[The problem]
Pictures are not part of the answer. Write out exactly the lines from the one containing "Lycosa tarantula" through the end of the material below.
Top of Data shown
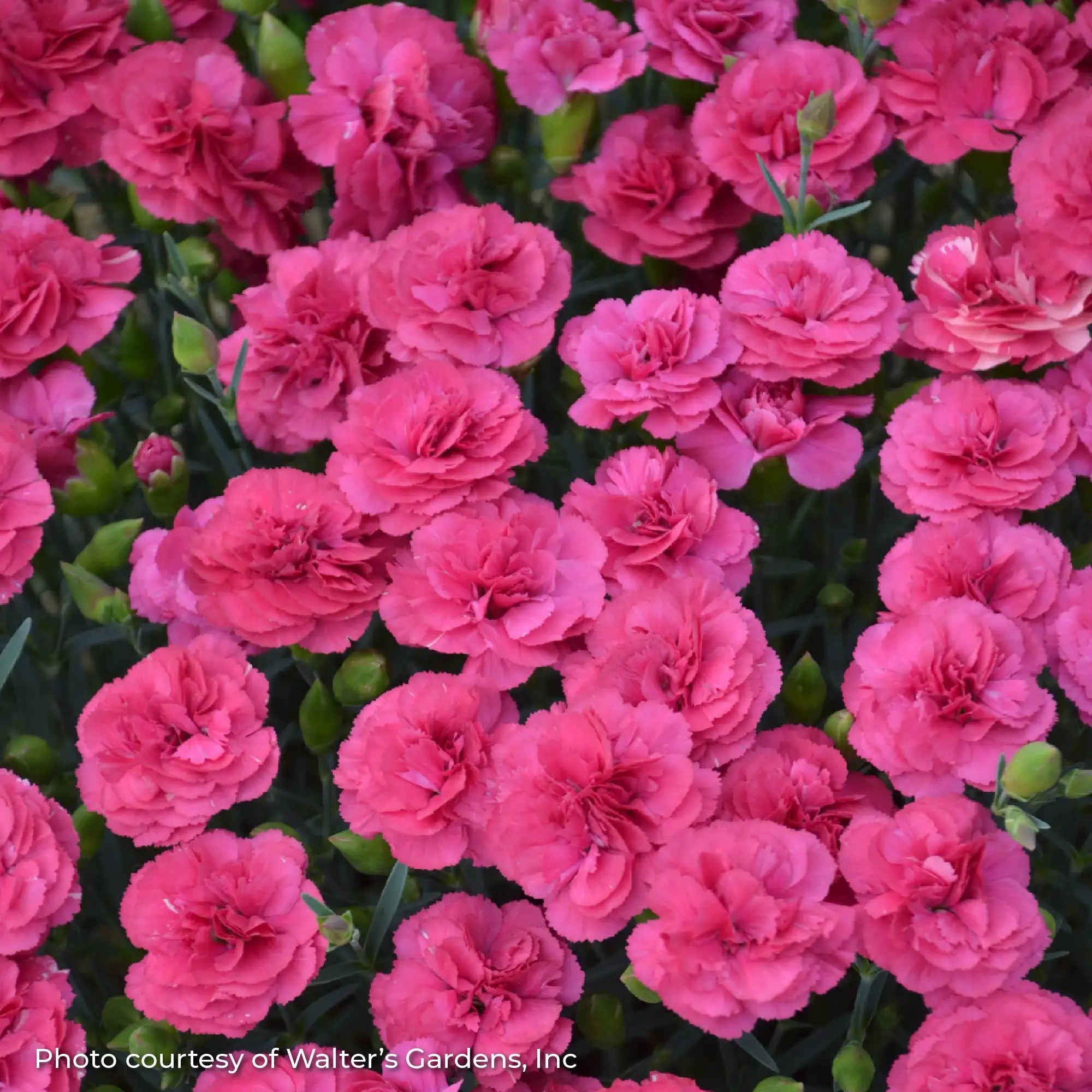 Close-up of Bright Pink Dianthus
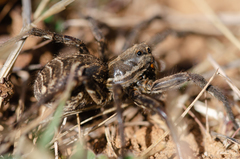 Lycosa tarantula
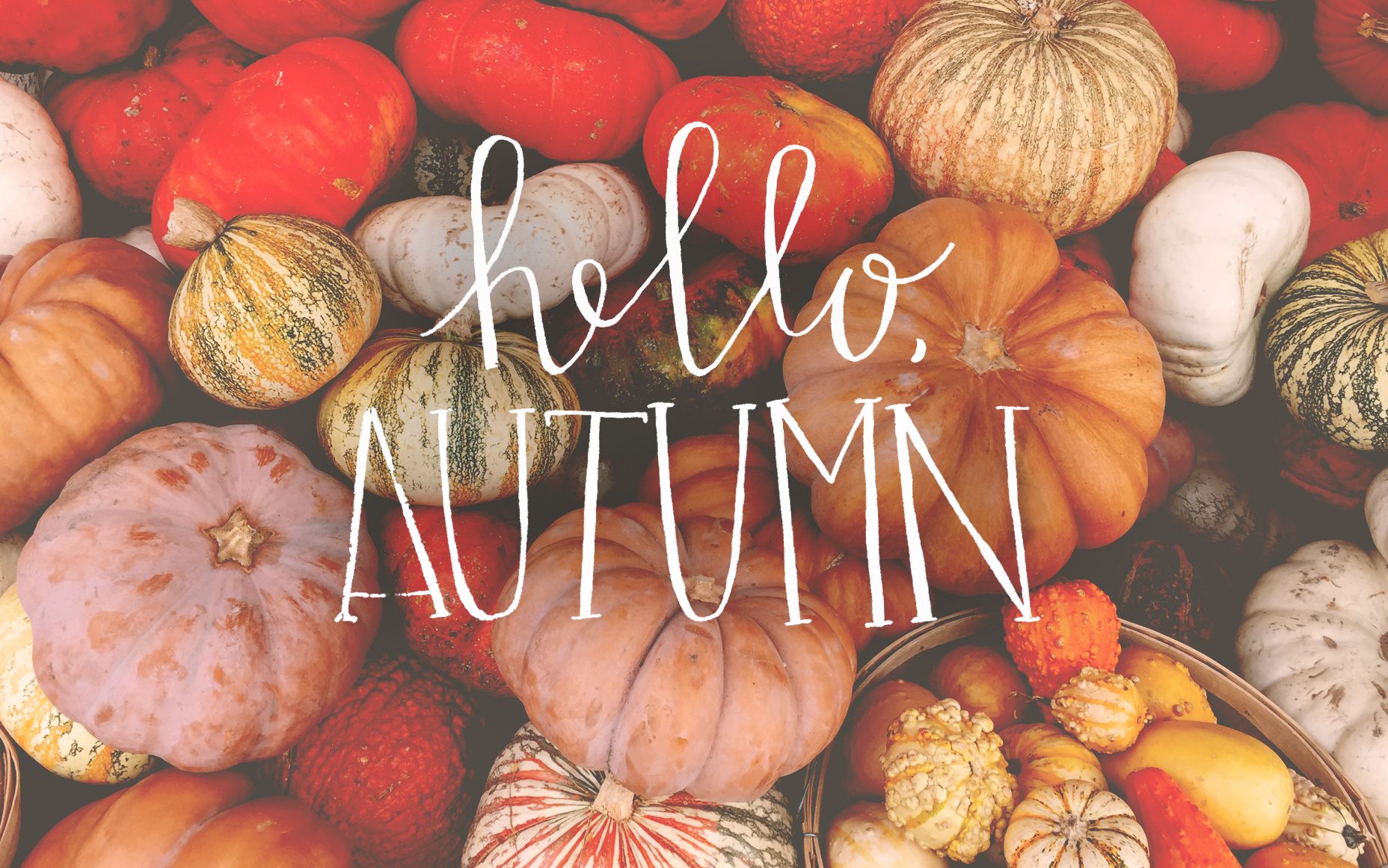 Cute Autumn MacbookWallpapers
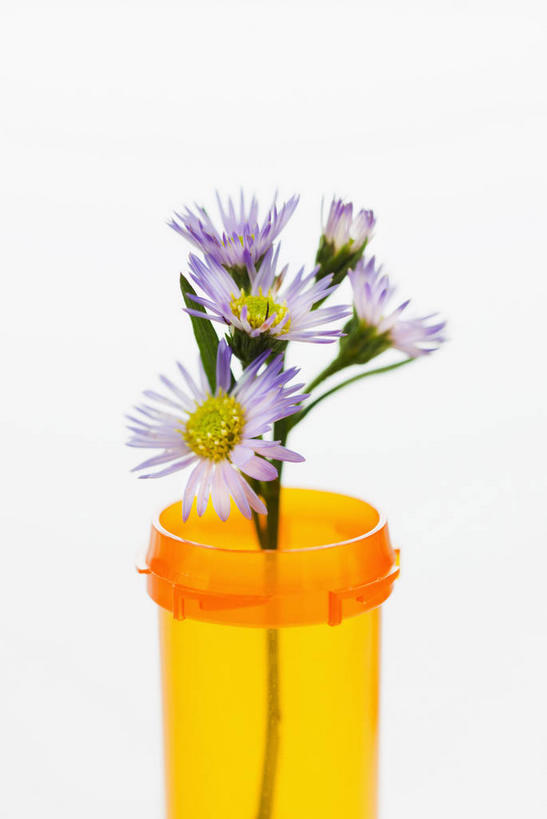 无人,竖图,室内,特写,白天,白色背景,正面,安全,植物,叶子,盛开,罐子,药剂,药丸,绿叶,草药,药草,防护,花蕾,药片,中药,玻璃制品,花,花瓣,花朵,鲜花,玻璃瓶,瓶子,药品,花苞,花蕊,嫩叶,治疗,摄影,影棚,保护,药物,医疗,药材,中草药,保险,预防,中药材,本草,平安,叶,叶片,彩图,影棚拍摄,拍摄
Bottom of Data shown
[Response to this task]
 Lycosa tarantula
 Cute Autumn MacbookWallpapers
 无人,竖图,室内,特写,白天,白色背景,正面,安全,植物,叶子,盛开,罐子,药剂,药丸,绿叶,草药,药草,防护,花蕾,药片,中药,玻璃制品,花,花瓣,花朵,鲜花,玻璃瓶,瓶子,药品,花苞,花蕊,嫩叶,治疗,摄影,影棚,保护,药物,医疗,药材,中草药,保险,预防,中药材,本草,平安,叶,叶片,彩图,影棚拍摄,拍摄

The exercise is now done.